You correctly found that there are $4^{5}$ functions from a set with five elements to a set with three elements. However, this counts functions with fewer than three elements in the range. We must exclude those functions. To do so, we can use the Inclusion-Exclusion Principle.

• There are $\binom{4}{1}$ ways of excluding one element in the codomain from the range and $3^{5}$ functions from a set with five elements to the remaining three elements in the codomain.
• There are $\binom{4}{2}$ ways of excluding two elements in the codomain from the range and $2^{5}$ functions from a set with five elements to the remaining element in the codomain.
• There are $\binom{4}{3}$ ways of excluding two elements in the codomain from the range and $1^{5}$ functions from a set with five elements to the remaining element in the codomain.
• There are $\binom{4}{4}$ ways of excluding two elements in the codomain from the range and $0^{5}$ functions from a set with five elements to the remaining element in the codomain.
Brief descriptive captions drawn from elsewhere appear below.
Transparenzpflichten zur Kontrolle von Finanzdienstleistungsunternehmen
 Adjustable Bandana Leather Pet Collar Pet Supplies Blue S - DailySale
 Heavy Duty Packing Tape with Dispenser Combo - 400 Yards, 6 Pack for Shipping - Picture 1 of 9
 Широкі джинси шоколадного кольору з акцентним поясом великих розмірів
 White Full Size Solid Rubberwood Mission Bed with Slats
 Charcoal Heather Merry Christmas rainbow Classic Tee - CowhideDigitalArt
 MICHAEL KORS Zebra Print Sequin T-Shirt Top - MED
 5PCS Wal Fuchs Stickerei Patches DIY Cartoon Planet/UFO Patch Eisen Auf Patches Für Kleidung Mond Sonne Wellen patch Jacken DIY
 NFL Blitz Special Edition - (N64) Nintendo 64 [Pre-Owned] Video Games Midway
By the Inclusion-Exclusion Principle, the number of surjective (onto) functions from a set with five elements to a set with four elements is $=4^{5}-\left[\binom{4}{1}\times 3^{5}-\binom{4}{2}\times 2^{5}+\binom{4}{3}\times 1^{5}-\binom{4}{4}\times 0^{5}\right] = 1024-784=240$

Answer 4

We can analyze the question like this....definitely two of the 5 elements of A would be mapped to same element of B. Hence we can select those two elements in 5C2 ways and now consider these two elements to be a single element. So now we have 4 elements in A to be mapped to 4 elements in B. This can be done in 4! ways.

Hence answer should be 5C2*4!

=240